Not to say I’m insecure in any way but I’m a fairly normal human bean when it comes to it. I grabbed my flannel jacket and baseball hat to shield my eyes and arms for whatever peculiar weather my sister had forewarned me about haha.

Still half asleep too I’ll tell you one of the dumbest things you can do half asleep..take a nice deep sip of nice scorching hot coffee. Yes, I did this incredibly dumb thing so judge me. But no really it was enough to wake me up nonetheless.

So I make my way to the car my uncle is driving since overnight parking at the airport is ridiculous as -well whatever floats your boat. Dowsing off to the iTunes music that I happened to drive to Walmart for around midnight in fear of dying of boredom on my close to 6 hour flight, the car stops and the lights of the airport illuminate my face then as if magic hit me.

Plop! I’m on a plane to Detroit. Which makes me think of the scene in the movie Karate Kid where the man on the plane says, “Dude..I’m from Detroit!”

By this time I was about 75% sure I was awake so I did some exploring in Michigan since I was laid over for about 3 hours but to my surprise I met a volunteer worker who reminded a lot of my favorite English teacher. She was curious about me enough to ask where I was headed and what was my reason? I beamed at her and told her a little too much on how excited I was to be able to see half of my other family I rarely ever got to see. Her response was a well-meant giggle and was surprised about how suddenly enthusiastic I became when she asked me that question. Little did I know I was going to be engaged in what was a 2 hour long conversation on what I was doing in college and what my dreams and ambitions were. I honestly told her I had an idea but I really didn’t have an actual clue. Her words encouraged me try a new direction. I’ll save this for a later story.

My actual destination was to Minneapolis to see my one and only sister graduate the living hell that is high school. But funny story aha, I almost missed boarding this flight getting too passionate about finding-


My phone! Driver’s license, University ID, and my debit card all stolen. How did I know? I ask my bank through customer service. Crazy to believe people can be so shallow as steal my things when I’m the dressing room trying on clothes. At a mall where people are too hyped up on getting dope ass clothes to do the right thing.

I lucked out with this one having paid for some insurance and not extremely impossible application processes to get my license and debit card back but I’ll be phone less for a while. Let’s just hope I don’t die or get stuck  in a ditch somewhere in need of help or attention. GOOD BYE CRUEL WORLD!

How exciting..to cry over such a sour day. But I’m keeping my head up. There are somethings I shouldn’t let bother me anyway and a police report sounds perfect to hear before a long long night.
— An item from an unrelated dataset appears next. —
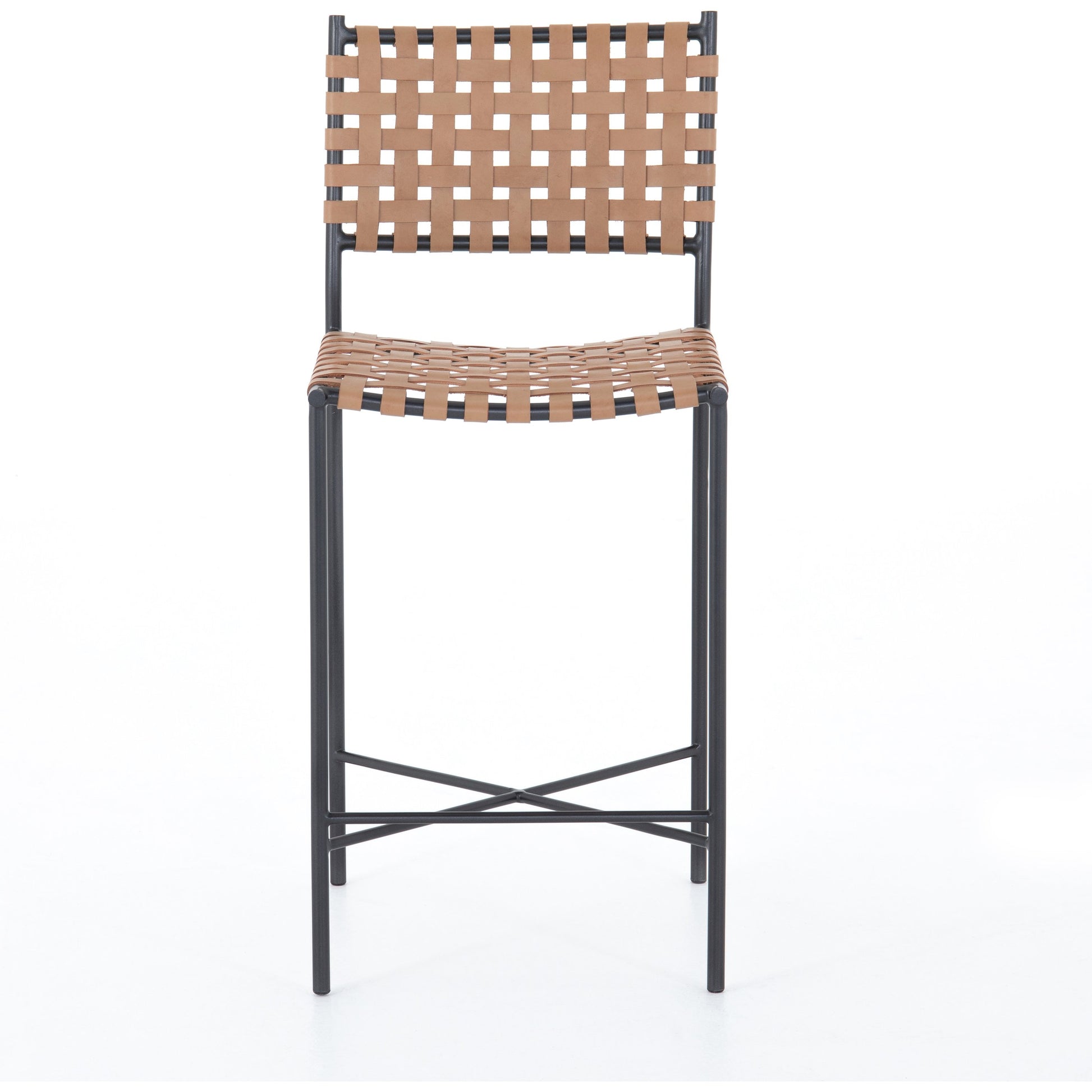 Garza Counter Stool by Four Hands in natural leather, gunmetal. Made from iron, top grain leather in a cottage & farmhouse style.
4 thoughts on “Float and Let Be

  1. How fucking stupid can you be? Who the fuck leaves their stuff out when going into a dressing room? Why not bring it in? How old are you kid? Your grammar skills are equivalent to those of a three year old! Also what do you mean you found out that your card was stolen from customer service? Bitch! You should’ve known that when your stuff was all gone. You’re obviously not the brightest person.

    1. Haha excuse me sir I’ve already accepted that it was a honest mistake and yeah it was a bit idiotic I agree but I’m only human and it’s a part of my life. Thank you for your concern.

  2. How Fucking Stupid Can You Be? Who the fuck doesn’t bring their things with them when going into a dressing room? And what do you mean that you found out your stuff was stolen by calling customer service? Bitch that should have been obvious the second you realized your shit was gone. You can’t blame other people for not protecting your stuff. That’s your fucking responsibility. Also how old are you kid? Your grammar skills are equivalent or less than those of a third grader.

    1. Also sir as part of pornhub you must be really intelligent to criticize my grammar. These stories are written as I travel therefore are not properly edited. I did bring my things into the dressing with me as it was stolen during my time using one. If I did not make this clear, I apologize and I shall use this as constructive criticism.